The AISA imagery was acquired during leaf-on conditions (late fall) and had fewer difficulties segregating impervious surfaces from soils and vegetation. However, the presence of shadows resulted in mis-classification of areas otherwise completely covered with vegetation (particularly near the edges of fields). In other areas, flightline errors (turbulence and sudden shifts) were responsible for mis-referencing the imagery, thus reduced correlation between the derived impervious area and the planimetric map. The TM and IKONOS data both had high geometric fidelity, thus were less likely to suffer from misregistation errors, but the IKONOS and AISA systems were more accurate than the TM map because of their ability to distinguish fine features and individual scene elements (before being degraded to TM resolution).

SUMMARY AND CONCLUSIONS

This study illustrates some of the considerations involved in the use of high-resolution multispectral imagery for research applications.

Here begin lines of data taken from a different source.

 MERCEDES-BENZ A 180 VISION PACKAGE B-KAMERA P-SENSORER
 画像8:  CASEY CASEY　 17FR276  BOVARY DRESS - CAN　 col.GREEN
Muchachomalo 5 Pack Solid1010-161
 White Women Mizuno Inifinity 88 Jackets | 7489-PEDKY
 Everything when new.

New opportunities arise from the improved capabilities of advanced sensor systems and associated geospatial technologies (e.g., GIS, GPS, spatial models, etc.), but these must be realistically considered in the context of increased data handling and computing requirements, as well as complexities introduced by the discrimination of individual scene elements under varying illumination and phenological conditions. Additional considerations arise from the data collection methods (aircraft versus satellite platforms) and from the spectral properties of the various scene elements that can now be individually resolved. Some of these issues were demonstrated through the case study focused on mapping impervious surface areas with various sensors and comparing image products derived using a consistent methodology. Because such data sets and related products are now more widely available to local government agencies, resource managers and a wide variety of other potential users, it is important that the considerations and limitations (as well as the advantages) of their use be known.

REFERENCES

Goetz, S. J., Prince, S. D. Thawley, M. M., Smith, A. J. and Wright, R. (2000). The mid-Atlantic Regional Earth Science Applications Center (RESAC): an overview. Available at www.geog.umd.edu/resac and on ASPRS CD-ROM in. American Society for Photogrammetry and Remote Sensing (ASPRS) Conference Proceedings, Washington DC.

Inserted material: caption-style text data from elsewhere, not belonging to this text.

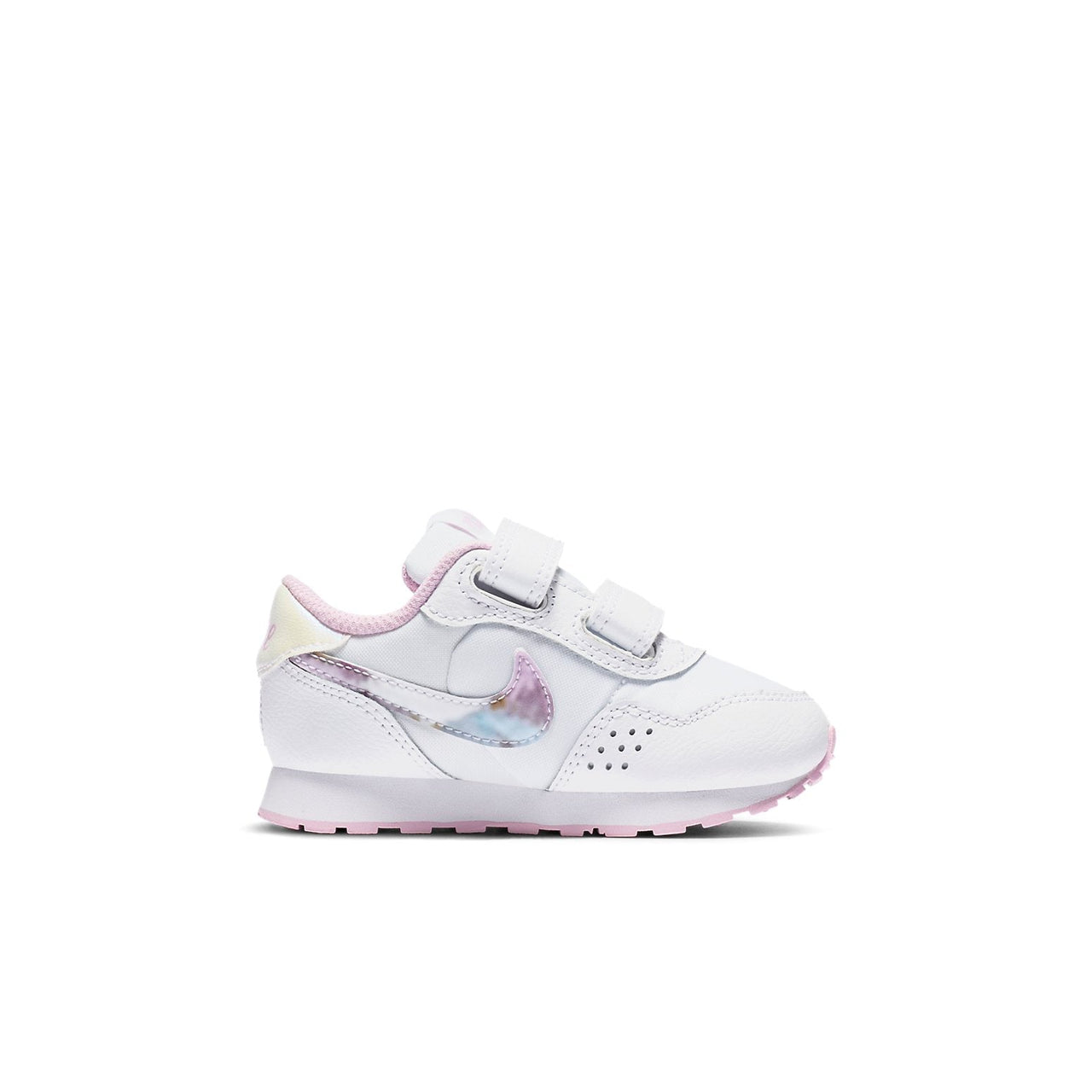 (TD) Nike MD Valiant FLRL 'White Pink' CN8557-100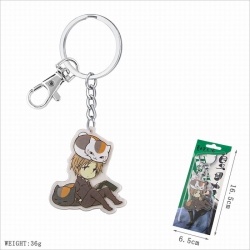 Natsume_Yuujintyou Key Chain P...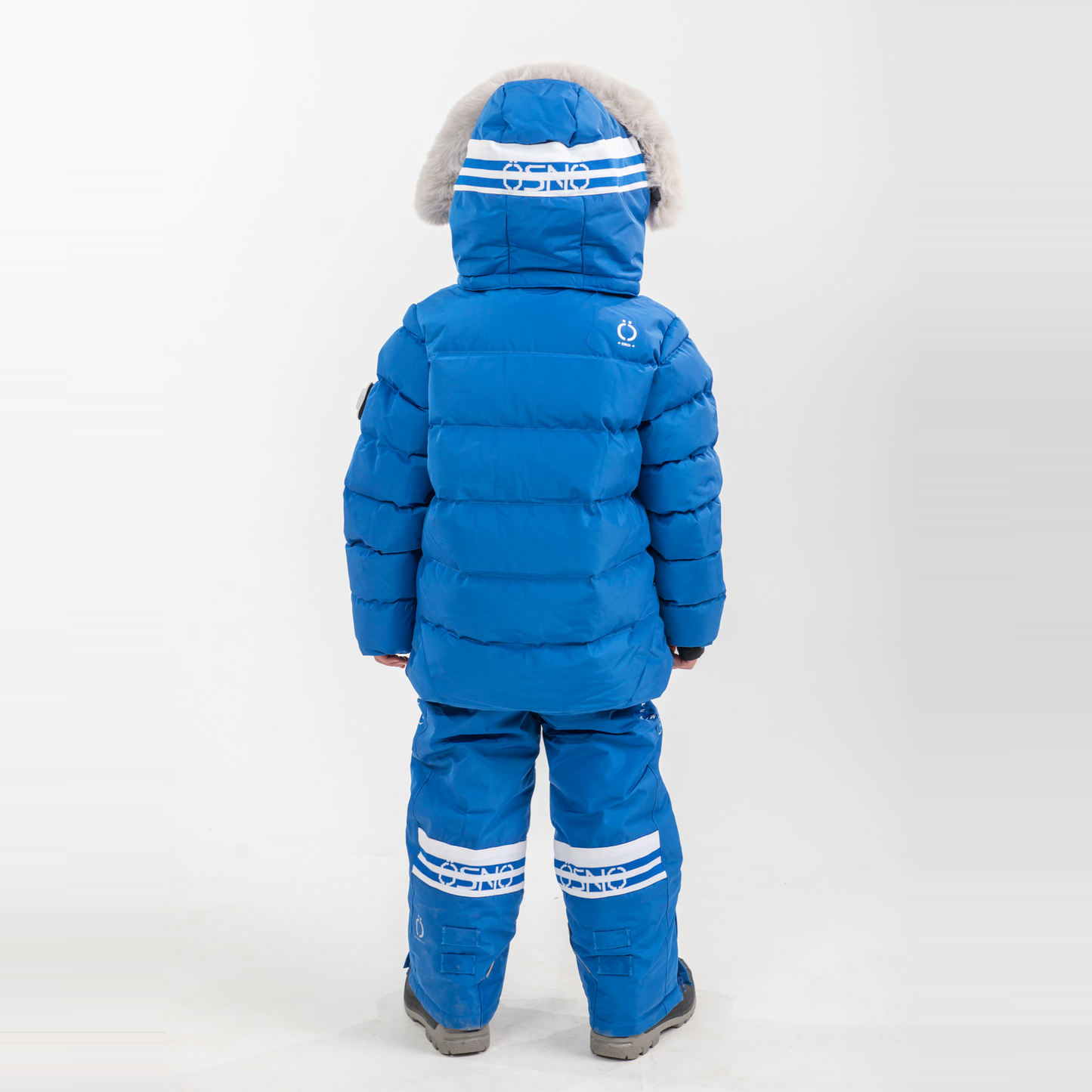 Liam's Luxury Snowsuit - Jacket & Snowpants - Velora Luxury Fashion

Smith, A. J., Goetz, S. J., Prince, S. D. (2001). Subpixel estimates of impervious surface cover from Landsat Thematic Mapper imagery, Remote Sensing of Environment, forthcoming.

Varlyguin, D., Wright, R., Goetz, S. J., Prince, S. D. (2001). Advances in land cover classification for applications research: a case study from mid-Atlantic RESAC. Available at www.geog.umd.edu/resac and on ASPRS CD-ROM in. American Society for Photogrammetry and Remote Sensing (ASPRS) Conference Proceedings, St. Louis MO.